▶ **Activity**
Reproduce every line of the material below, but drop the pictures.

[Opening Collected material section]

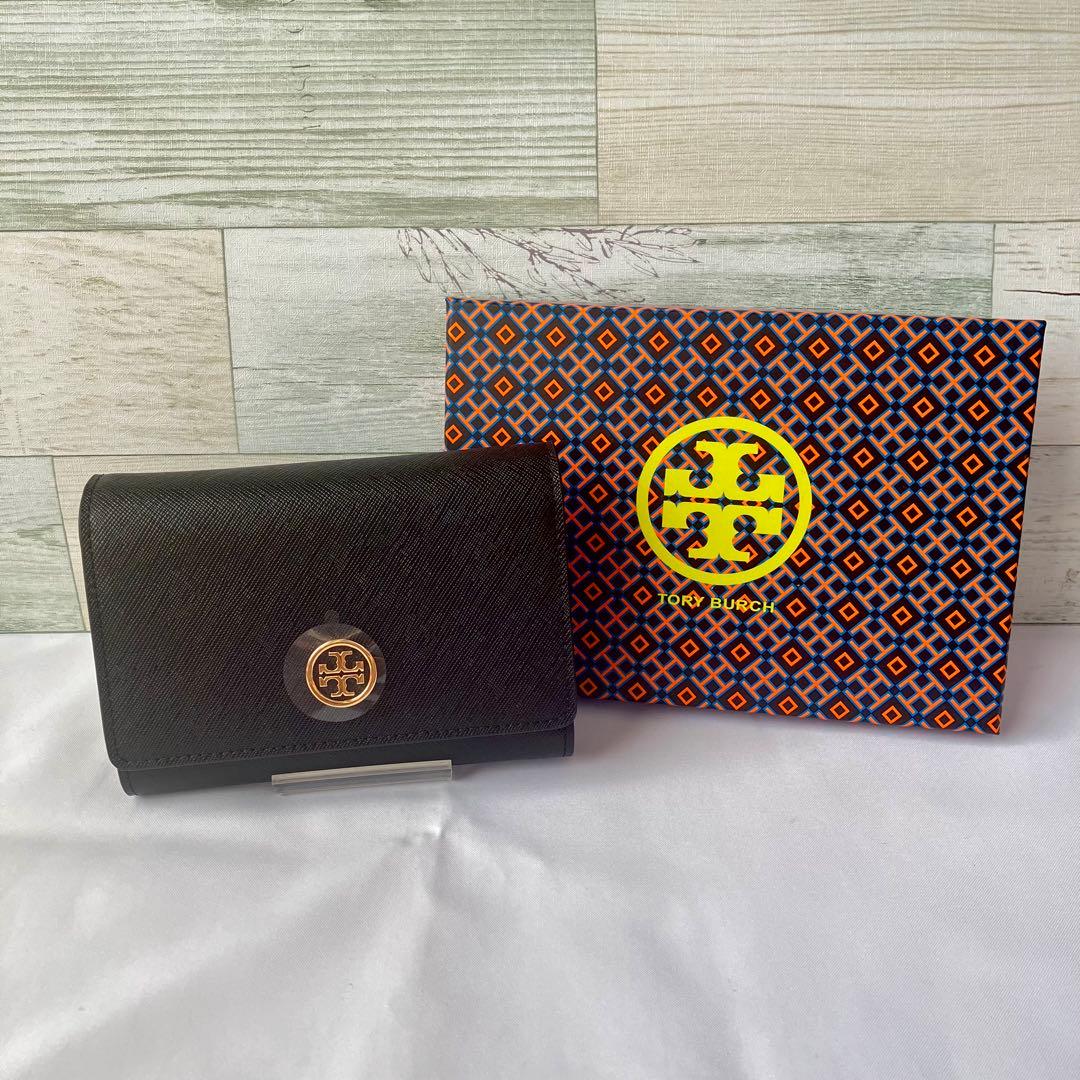 【値下交渉○】Tory Burch ブラック二つ折り財布 箱付き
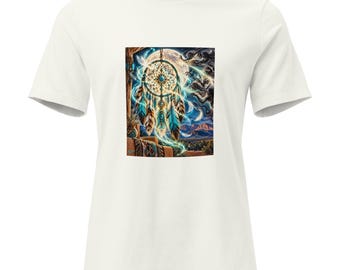 T-shirt da donna comoda con stampa "Acchiappasogni della notte".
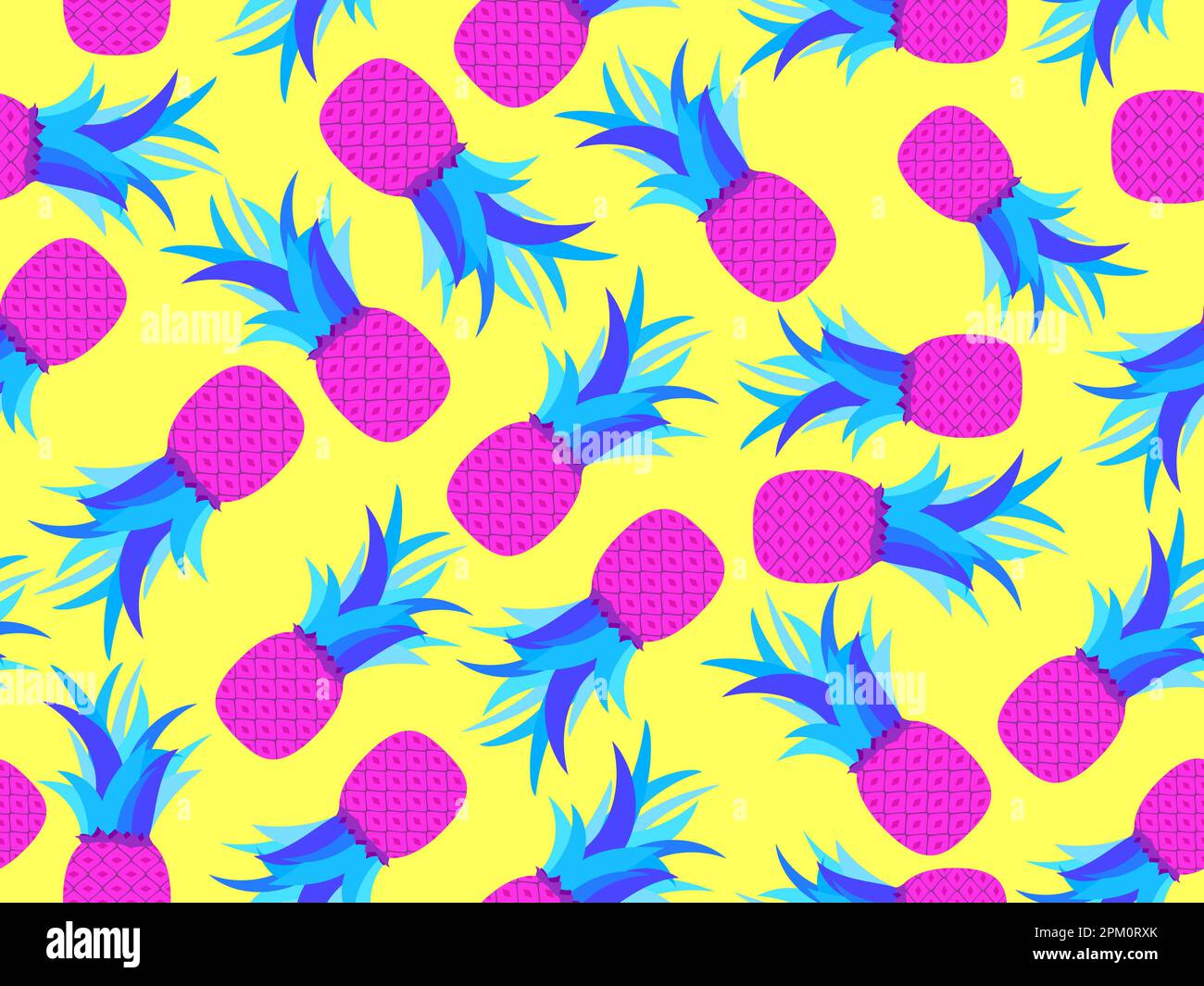 Pink pineapple with blue foliage pop art style. Seamless pattern with ...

[Closing Collected material section]

▶ **Solved exercise**
 【値下交渉○】Tory Burch ブラック二つ折り財布 箱付き
 T-shirt da donna comoda con stampa "Acchiappasogni della notte".
 Pink pineapple with blue foliage pop art style. Seamless pattern with ...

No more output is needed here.